I'm actually not interested in doing the work by myself, which is another big change for me from when I first started teaching. It doesn't have to be lonely if you really work hard to curate and cultivate your networks and pay attention to them, and let them thrive and flourish. That's what has sustained me, honestly. There's a group of people who will show up every day for you and that's what it takes. I mean, I think educators of color, in particular, need that. They also need people who are going to call them out because this group will, and then my other friend, who we used to teach together, we are still very good friends, we'll do that. It can't just be all celebrations but it can be, "You were supposed to get that drafted. Why didn't you do that? Really, you're not doing your thing."

Sonja: Right.

Kim: It's this nice balance of support and accountability and a thousand group messages a day that really keep me going.

Tricia: Yes, I also think, in listening to Kim and Tiana talk, I think about how fortunate and lucky we are and how this experience and knowing them in just the brief time that I've known them, has been a gift, a real gift. It makes me sad to think that there, to think about all the teachers out there who don't have that. To think how lonely I was and I didn't realize it before. There's still so many teachers who need this support system and who need those groups. Like Kim said, to try to find those networks and to cultivate them, and power works by isolating.

I think, especially in these predominantly white spaces where you might be the only teacher in your school or in your department, is to try to seek out people or try to find opportunities whether if it's in your building district, like, we are starting a teacher's of color coalition group in my district, which I'm really looking forward to, but even to go outside. Kim has taught me that the power of local communities, right, to reach out to other people and to reach out through social media because people are out there.

They're looking for connection the way you are. I think that Val Brown of Teaching Tolerance and a good friend now, she has this great quote pinned on the top of her Twitter, which is, you know, something to the effect of, "What the bad guys are afraid of most are unity." I think trying to find those people to unify yourselves around, find that safe space, not even safe, empowering space is the key. To not let anyone convince you that you don't need it.

Sonja: I wanted to ask, basically, how did you all get so fierce? Literally, I know that sounds funny but I work with a lot of educators of color who feel silenced, and they feel powerless and I think it might be helpful for people to hear what's driving you? What's compelling us to really persist? When I think about that, I think about being inspired by my parents, particularly my dad and his experiences growing up in the segregated south, and just never wanting to take for granted the struggles and the sacrifices that he endured.

I also think about my daughter who, even though she's an adult, I look out at the world and I think everyday, "Oh, my gosh. How can I make this better? How can I make this a little bit better so that she can face less obstacles than I have?" That propels me to keep going. I was just wondering, I'm talking to these fierce women, how'd you get like that? How can you help others grow their fierceness? You have a cape somewhere?

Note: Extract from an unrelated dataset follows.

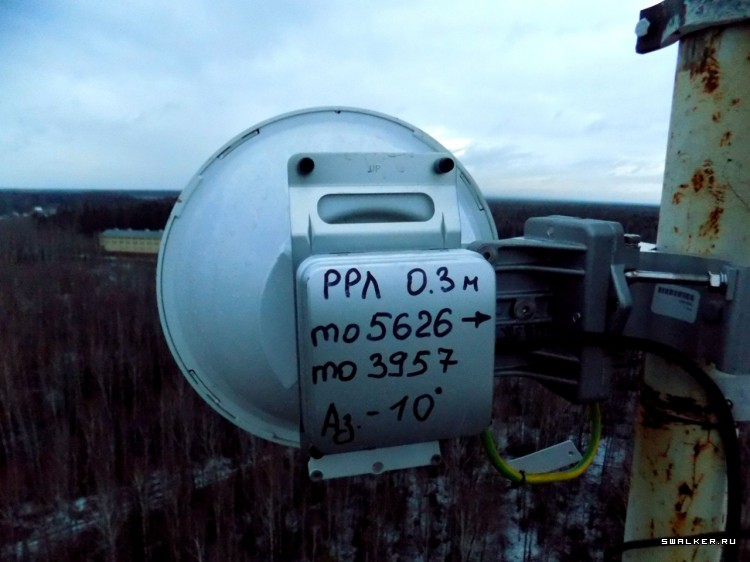 Вышка на Полигое института ИРЭ РАН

Kim: Tricia and I go around about this when I told her I was not always like this. I mean, when I first started teaching, I was at a charter school, I was really into the rules and all of the conformity, and everything. I was down for demerits and I was into giving kids things to read. It was my choice, control choice. All of that is to say is that, for me, I wasn't just, as I told Tricia, I wasn't just born woke. It's been a process of realizing that freedom is really what we are after for kids. All kids deserve to be free. I want to be a teacher that nurtures their freedom, particularly for kids of color. They probably have had, they want to be free, but I think school structures do such a terrible job of promoting their freedom. Once I realized that, then my job is really to make them literate, free citizens of the world, but change my approach to teaching.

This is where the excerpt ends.